- [Exercise goal]: Before you return the entries below, strip out the pictures and keep all else exact.

##### Given information

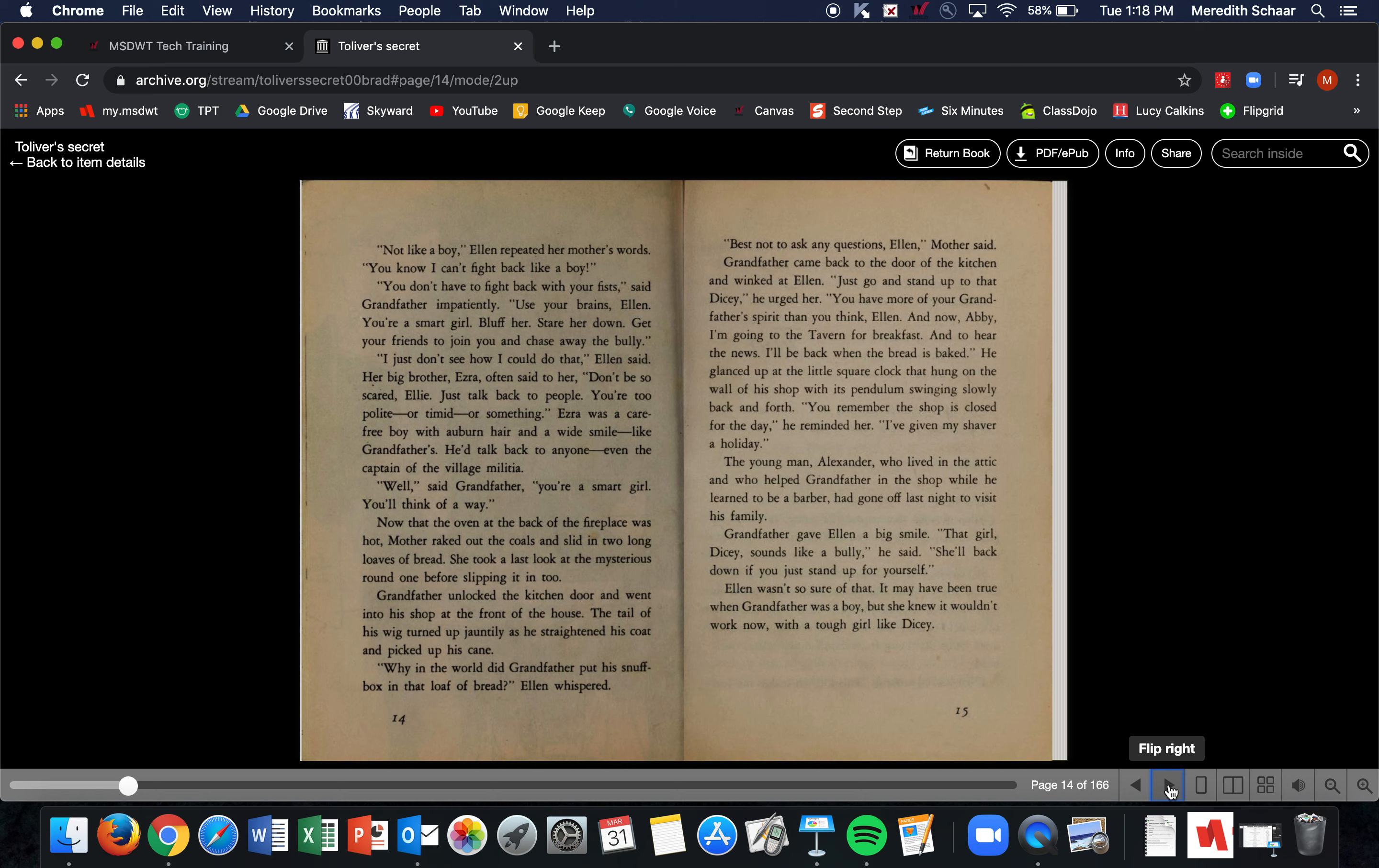'Not like a boy,' Ellen repeated her mother's words. 'You know I can't fight like a boy.' 'You don't have to fight back with your fists,' said Grandfather impatiently. 'Use your brains, Ellen. You're a smart girl. Bluff her, stare her down, get your friends to join you and chase away the bully.' 'I don't see how I could do that,' Ellen said. Her big brother Ezra often said to her, 'Don't be so scared, Ellie. Just talk back to people. You're too polite or timid or something.' Ezra was a carefree boy with auburn hair and a wide smile like Grandfather's. He'd talk back to anyone, even the captain of the village militia. 'Well,' said Grandfather, 'you're a smart girl. You'll think of a way.'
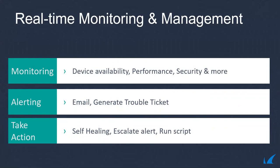When an anomaly occurs, Managed Workplace generates an immediate alert and sends an email, creates a trouble ticket, escalates, self-heals, or runs scripts to ensure fast, proactive protection of your customers' IT environments.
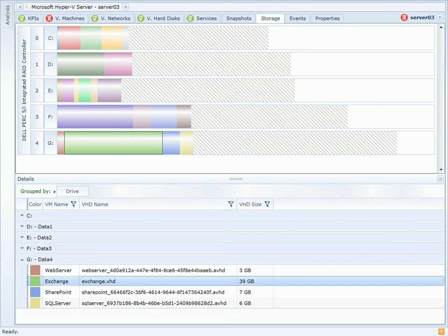These various features in VitalSigns provide an easy way to troubleshoot storage performance problems and find out if configuration changes can be made to improve performance overall.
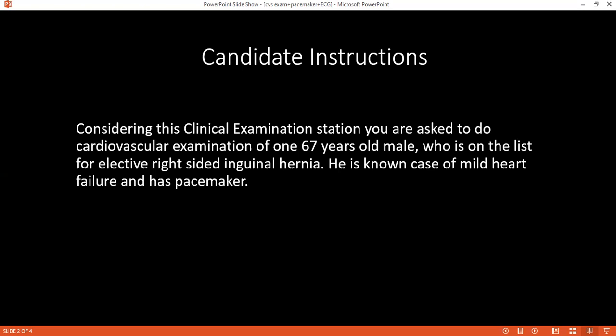Then I will auscultate the chest, breath sounds, and also auscultate the apex at the fifth intercostal space and all the valve areas. Then I will auscultate the carotid artery again to check for any murmur. I will use the bell of the stethoscope for these auscultation steps. In the mitral area, I will ask the patient to turn to the left side and check if there is any radiation of the murmur. After auscultation, I will ask the patient to sit down and auscultate the base of the lungs, and then check for sacral edema.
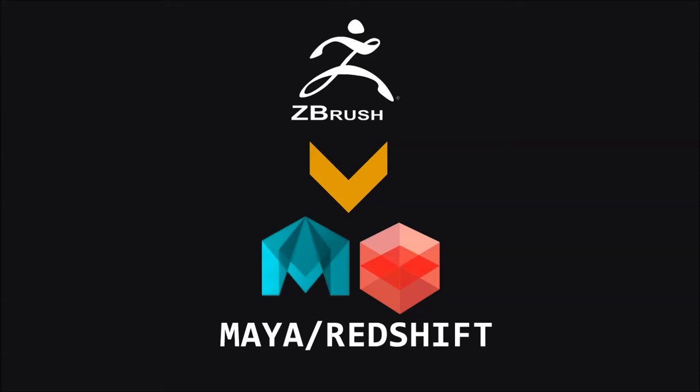Hello, welcome to my 3dmvisual channel. Today we're going to learn how to set up ZBrush displacement in Maya using a renderer called Redshift.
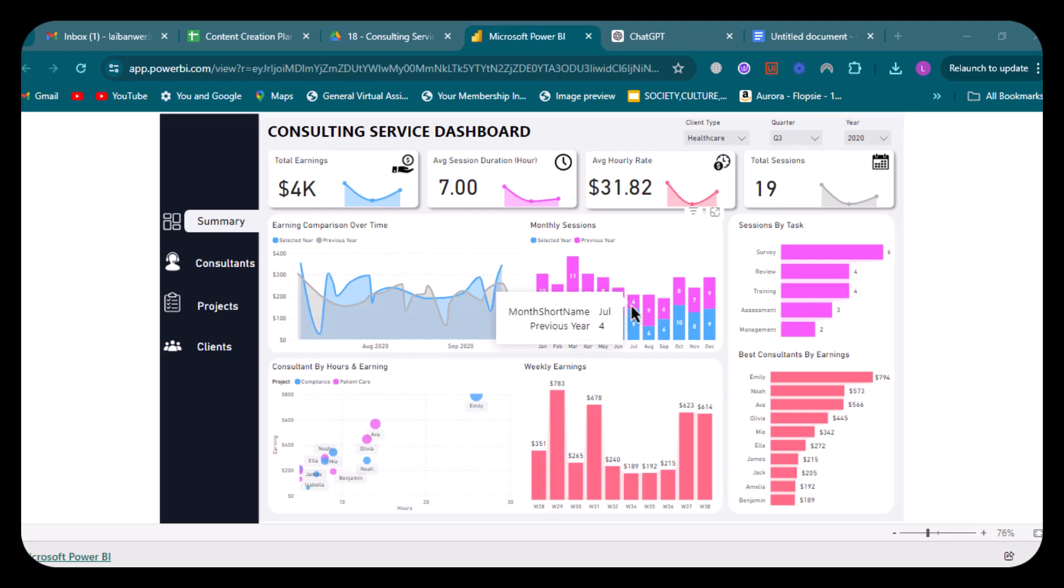After that, we have the visual sessions by task. This vertical bar graph displays the number of sessions conducted for different tasks like surveys, reviewing, training, assessment, and management. It provides insight into which activities are most frequent.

##########

- [Exercise response]:
'Not like a boy,' Ellen repeated her mother's words. 'You know I can't fight like a boy.' 'You don't have to fight back with your fists,' said Grandfather impatiently. 'Use your brains, Ellen. You're a smart girl. Bluff her, stare her down, get your friends to join you and chase away the bully.' 'I don't see how I could do that,' Ellen said. Her big brother Ezra often said to her, 'Don't be so scared, Ellie. Just talk back to people. You're too polite or timid or something.' Ezra was a carefree boy with auburn hair and a wide smile like Grandfather's. He'd talk back to anyone, even the captain of the village militia. 'Well,' said Grandfather, 'you're a smart girl. You'll think of a way.'
When an anomaly occurs, Managed Workplace generates an immediate alert and sends an email, creates a trouble ticket, escalates, self-heals, or runs scripts to ensure fast, proactive protection of your customers' IT environments.
These various features in VitalSigns provide an easy way to troubleshoot storage performance problems and find out if configuration changes can be made to improve performance overall.
Then I will auscultate the chest, breath sounds, and also auscultate the apex at the fifth intercostal space and all the valve areas. Then I will auscultate the carotid artery again to check for any murmur. I will use the bell of the stethoscope for these auscultation steps. In the mitral area, I will ask the patient to turn to the left side and check if there is any radiation of the murmur. After auscultation, I will ask the patient to sit down and auscultate the base of the lungs, and then check for sacral edema.
Hello, welcome to my 3dmvisual channel. Today we're going to learn how to set up ZBrush displacement in Maya using a renderer called Redshift.
After that, we have the visual sessions by task. This vertical bar graph displays the number of sessions conducted for different tasks like surveys, reviewing, training, assessment, and management. It provides insight into which activities are most frequent.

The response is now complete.